> [Information supplied]:
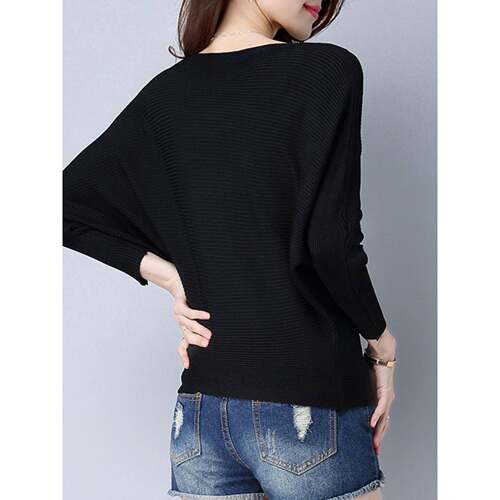 H 53701 Short Sleeve Batwing Knit Sweater 蝙蝠袖针织衫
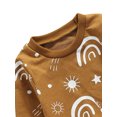 thumbnail image 4 of Qiylii Toddler Rainbow Pattern Clothes Set O-Neck Long Sleeve Tops+ Long Pants, 4 of 6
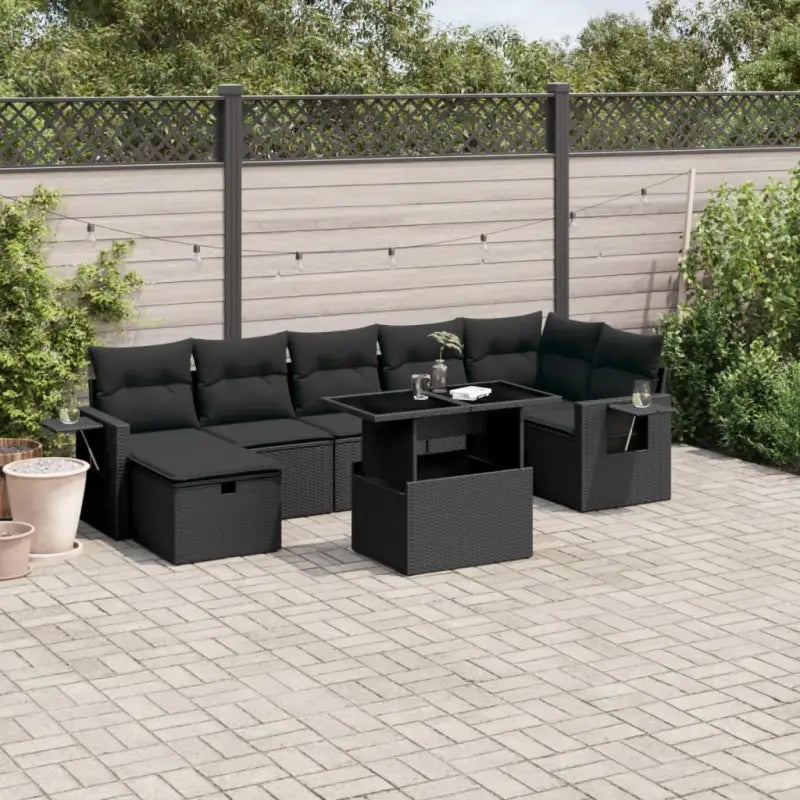 Zwarte loungeset van gepoedercoat staal voor buitenplezier - Zwart / zonder opbergruimte - Tuinsets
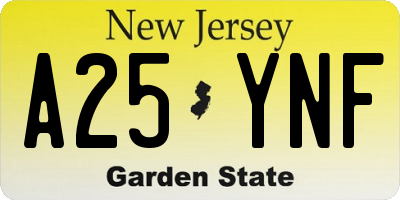 NJ license plate A25YNF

> [What this task involves]: Beginning at the line with "thumbnail image 4" and ending at the last line of the listing above, retype each line exactly, including those two lines. Leave the pictures out.

> [Written reply]:
 thumbnail image 4 of Qiylii Toddler Rainbow Pattern Clothes Set O-Neck Long Sleeve Tops+ Long Pants, 4 of 6
 Zwarte loungeset van gepoedercoat staal voor buitenplezier - Zwart / zonder opbergruimte - Tuinsets
 NJ license plate A25YNF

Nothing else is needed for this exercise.